Description of the task:
Your answer should be the lines from the one with "Duga krema haljina" to the end of the data below, both included, exact and free of pictures.

Input data:
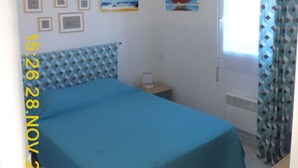 A bedroom with a bed, a nightstand, a window with curtains, and wall art. - 50 m from the beach (Agde)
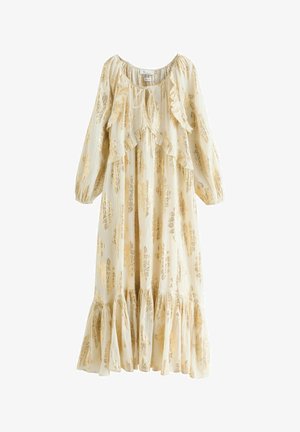 Duga krema haljina s zlatnim cvjetnim uzorcima, volanastim dekolteom i rukavima. Ima slojeviti donji dio s suptilnom teksturom. Ležeran dizajn.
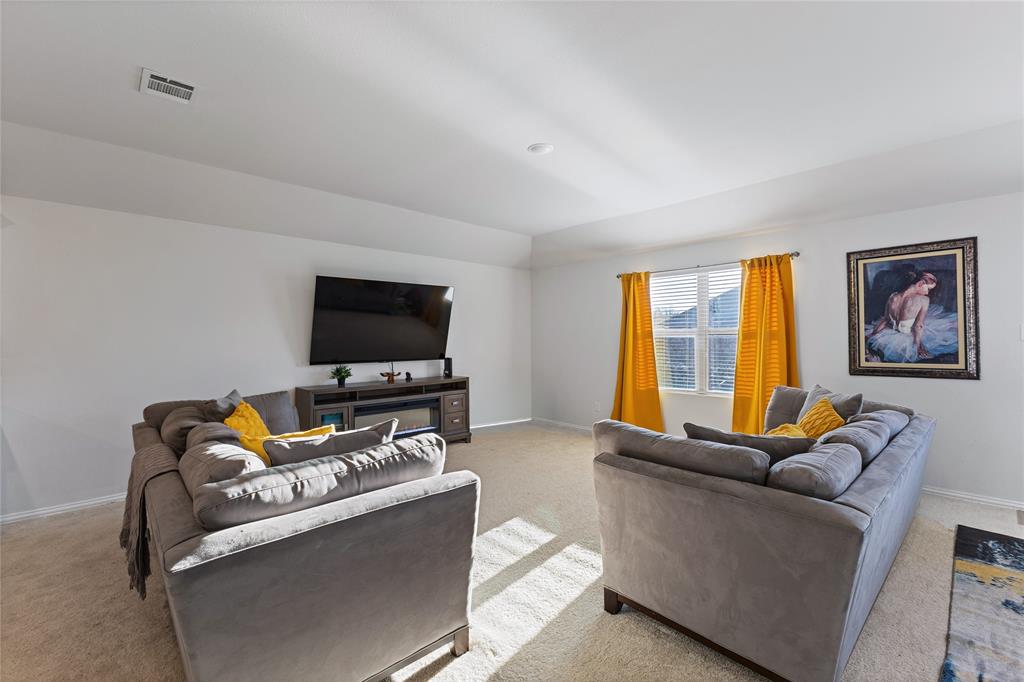 2404 Atlantic Avenue Anna, TX 75409 - Photo 9 of 26 a living room with furniture and a flat screen tv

Output:
 Duga krema haljina s zlatnim cvjetnim uzorcima, volanastim dekolteom i rukavima. Ima slojeviti donji dio s suptilnom teksturom. Ležeran dizajn.
 2404 Atlantic Avenue Anna, TX 75409 - Photo 9 of 26 a living room with furniture and a flat screen tv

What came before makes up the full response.